Saša Stanišić: Zehn Minuten im Proberaum des Lebens

Kultur

Saša Stanišićs virtuos-witziger Roman „Möchte die Witwe angesprochen werden, platziert sie auf dem Grab die Gießkanne mit dem Ausguss nach vorne“

Das wäre doch einmal eine Perspektive. Für 130 Mark kann man sich die eigene Zukunft für zehn Minuten in einem Proberaum anschauen. Gefällt einem, was man sieht, kann man sich danach für 130.000 Mark einloggen. Diese geniale, aber zutiefst utopische Idee versucht Fatih im Sommer 1994 seinen Freunden Piero, Nico und Saša in den Weinbergen nahe der Heidelberger Vorstadtsiedlung Emmertsgrund zu erklären.

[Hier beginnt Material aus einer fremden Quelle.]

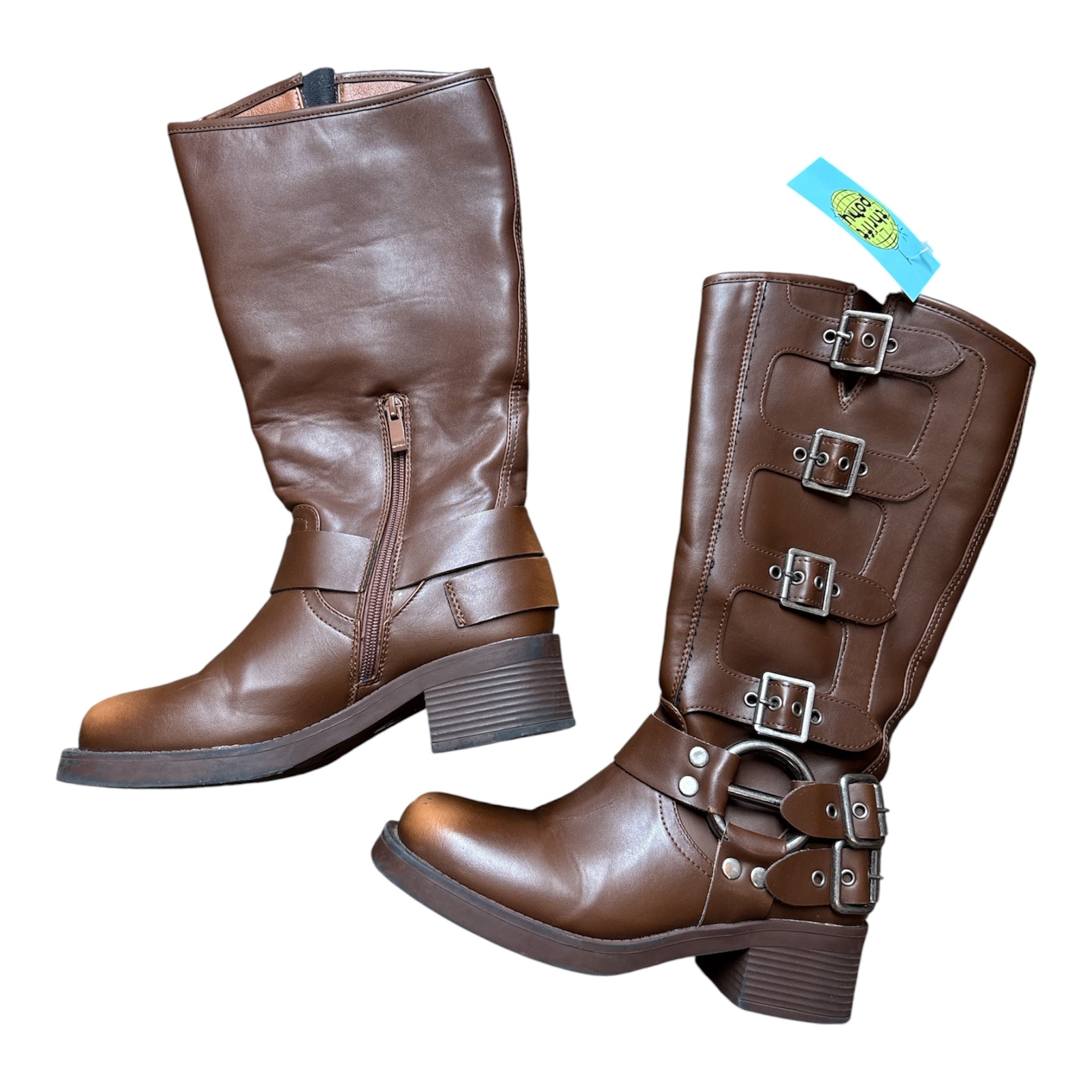brown  round toe boots w buckles, 6.5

Allesamt sind die vier 16-jährigen Teenager Migrantenkinder, irgendwie auch Nico, weil seine Mutter aus der DDR kommt. Sie wissen also, selbst durch oftmaliges Betreten dieses Proberaums muss nicht unbedingt eine rosige Zukunft winken.

Es kann auch eine „Kackzukunft“ nach der anderen kommen. Obwohl, irgendwann sind sicher einmal zehn gute Minuten dabei, für manche ist das Glück bloß umständehalber spärlicher gesät.

Darum geht es gleich in der ersten Geschichte „Neue Heimat“ im neuen Buch von Saša Stanišić mit dem rekordverdächtig langen Titel „Möchte die Witwe angesprochen werden, platziert sie auf dem Grab die Gießkanne mit dem Ausguss nach vorne“.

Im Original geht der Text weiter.